Search code examples
rdplyr

Why does dplyr::tally() remove last grouping variable from output?


When running dplyr::tally() on a grouped data.frame, then the last grouping variable will be removed from the "Groups". I'm sure that this is intended behaviour but I don't understand why and where this is documented. Any ideas?

library(dplyr) # 1.0.10

# single grouping variable returns ungrouped output
starwars %>%
  group_by(species) %>%
  tally() %>%
  groups()

#> list()

# three grouping variables return output grouped by first and second group
starwars %>%
  group_by(species, eye_color, skin_color) %>%
  tally() %>%
  groups()

#> [[1]]
#> species
#>
#> [[2]]
#> eye_color

Solution

  • As @Konrad Rudolph mentioned tally internally calls summarise whose default behavior is to drop last grouping value.

    From ?summarise

    .groups [Experimental] Grouping structure of the result.

    "drop_last": dropping the last level of grouping.
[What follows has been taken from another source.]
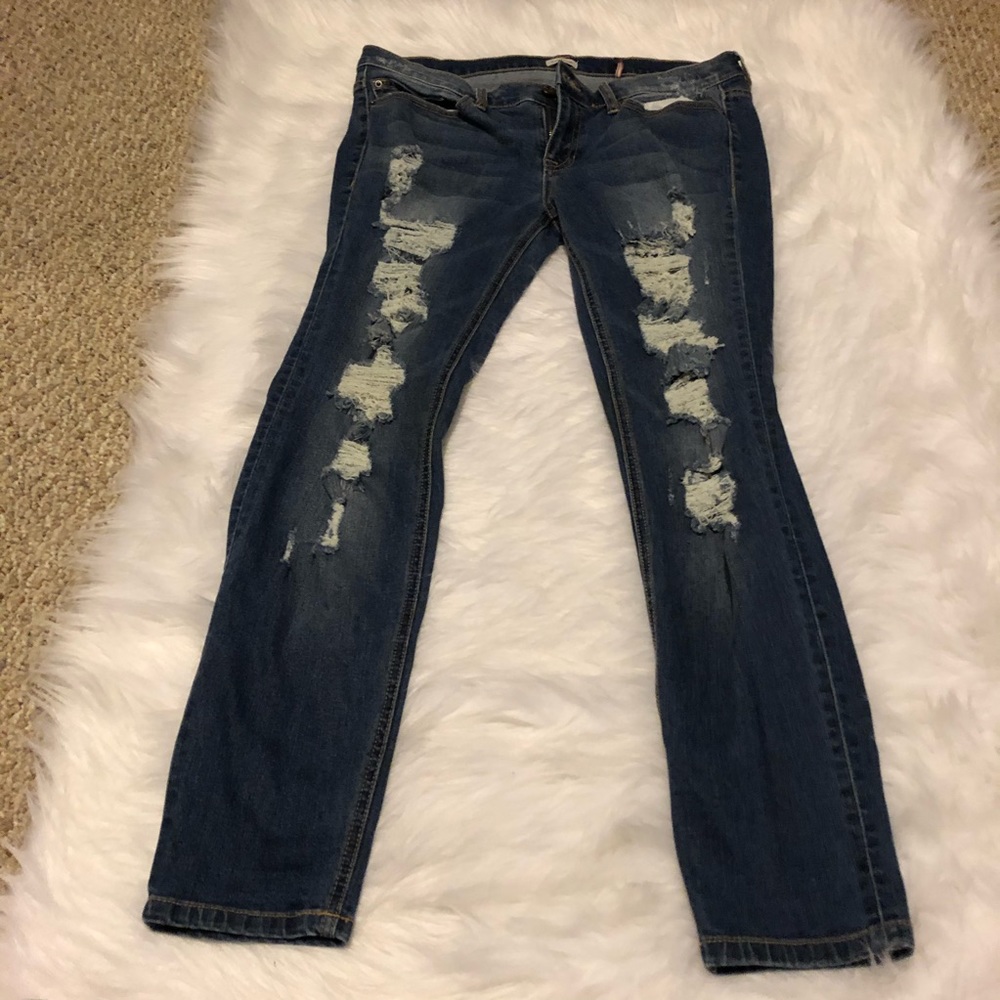 Sneak Peak Distressed Jeans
This was the only supported option before version 1.0.0.

    "drop": All levels of grouping are dropped.

    "keep": Same grouping structure as .data.

    "rowwise": Each row is its own group.

    Additionally,

    When .groups is not specified, it is chosen based on the number of rows of the results:

    If all the results have 1 row, you get "drop_last

    Since in your case you are getting 1 row per group drop_last behavior is used.